-- What you have to do --
If an entry holds a picture, skip the picture but copy everything else exactly.

-- Given records --
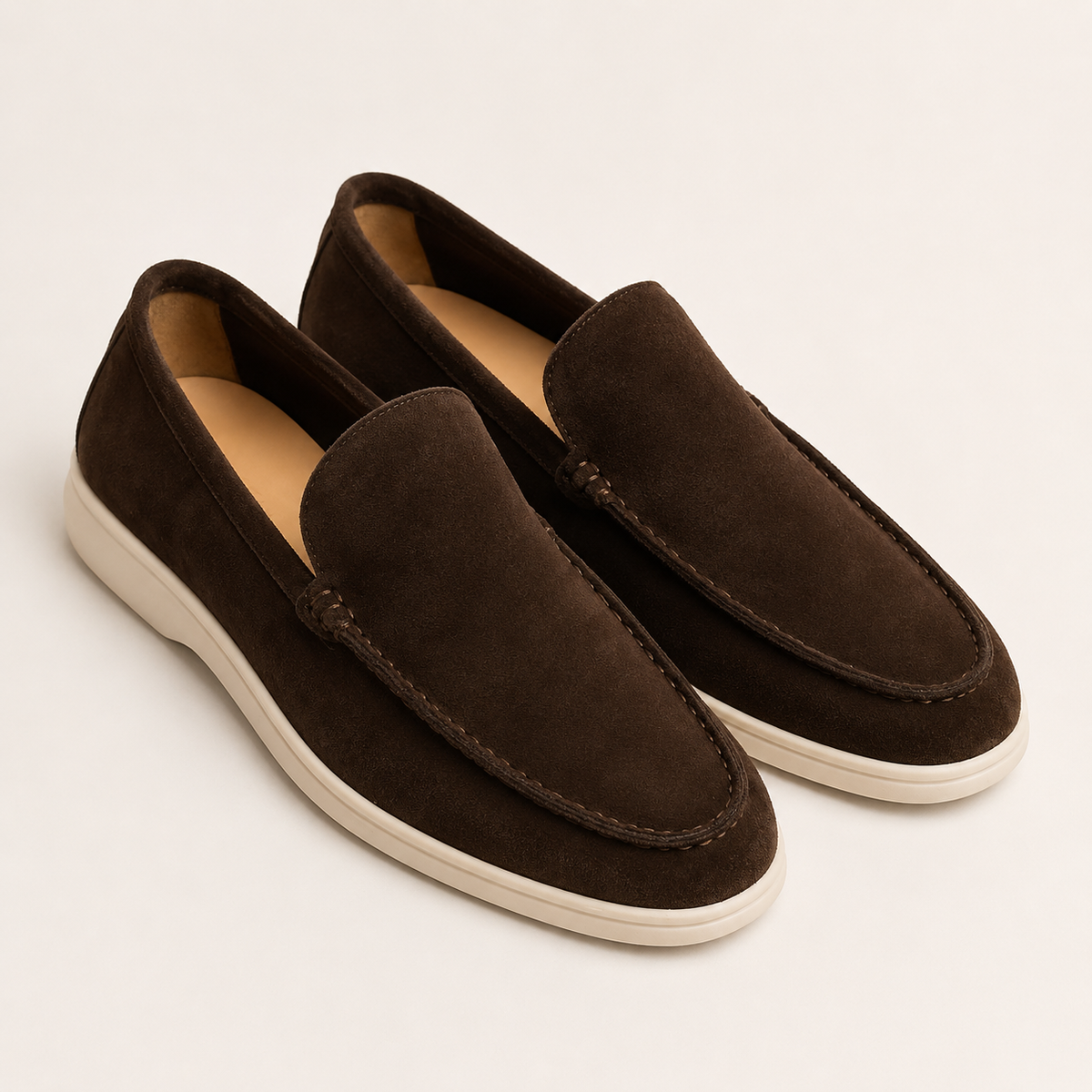 Men's round-toe slip-on loafers with moccasin stitching and low flat soles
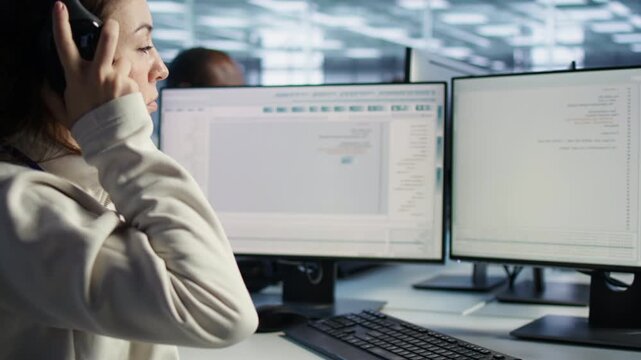 Data center technician wearing headphones inspecting rackmounts, close up from a secondary camera angle while combining power management, hardware monitoring and server room operations.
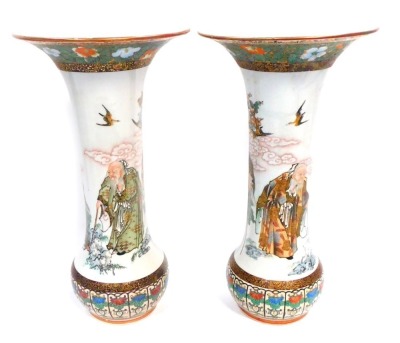 A pair of Japanese Kutani porcelain vases, with flared rim and enamelled and gilt diaper work borders, and the bodies having seated figures, standing sages, etc, on bulbous base with eight character iron red signature, 36cm high. (AF)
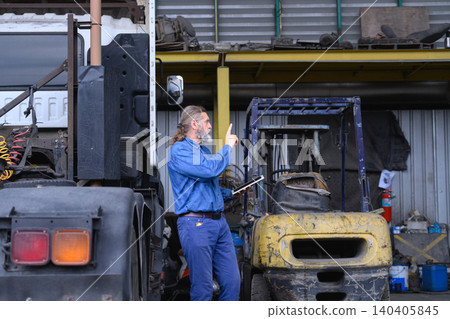 Truck mechanic performing maintenance inspection with digital checklist at industrial workshop Truck mechanic performing maintenance inspection with digital checklist at industrial workshop 140405845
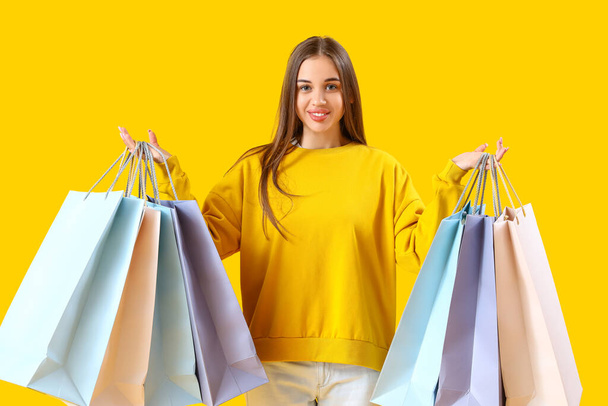 νεαρή γυναίκα με τσάντες για ψώνια σε κίτρινο φόντο - Φωτογραφία, εικόνα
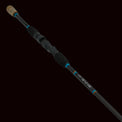 The Keeper Rods-Rouser Rouser 7'0" Medium Fast Spin Your Do-It-All Spinning Rod features a black design with a cork handle and blue accent rings—ideal for Alabama anglers seeking versatility.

-- Completed task --
 Men's round-toe slip-on loafers with moccasin stitching and low flat soles
 Data center technician wearing headphones inspecting rackmounts, close up from a secondary camera angle while combining power management, hardware monitoring and server room operations.
 A pair of Japanese Kutani porcelain vases, with flared rim and enamelled and gilt diaper work borders, and the bodies having seated figures, standing sages, etc, on bulbous base with eight character iron red signature, 36cm high. (AF)
 Truck mechanic performing maintenance inspection with digital checklist at industrial workshop Truck mechanic performing maintenance inspection with digital checklist at industrial workshop 140405845
 νεαρή γυναίκα με τσάντες για ψώνια σε κίτρινο φόντο - Φωτογραφία, εικόνα
 The Keeper Rods-Rouser Rouser 7'0" Medium Fast Spin Your Do-It-All Spinning Rod features a black design with a cork handle and blue accent rings—ideal for Alabama anglers seeking versatility.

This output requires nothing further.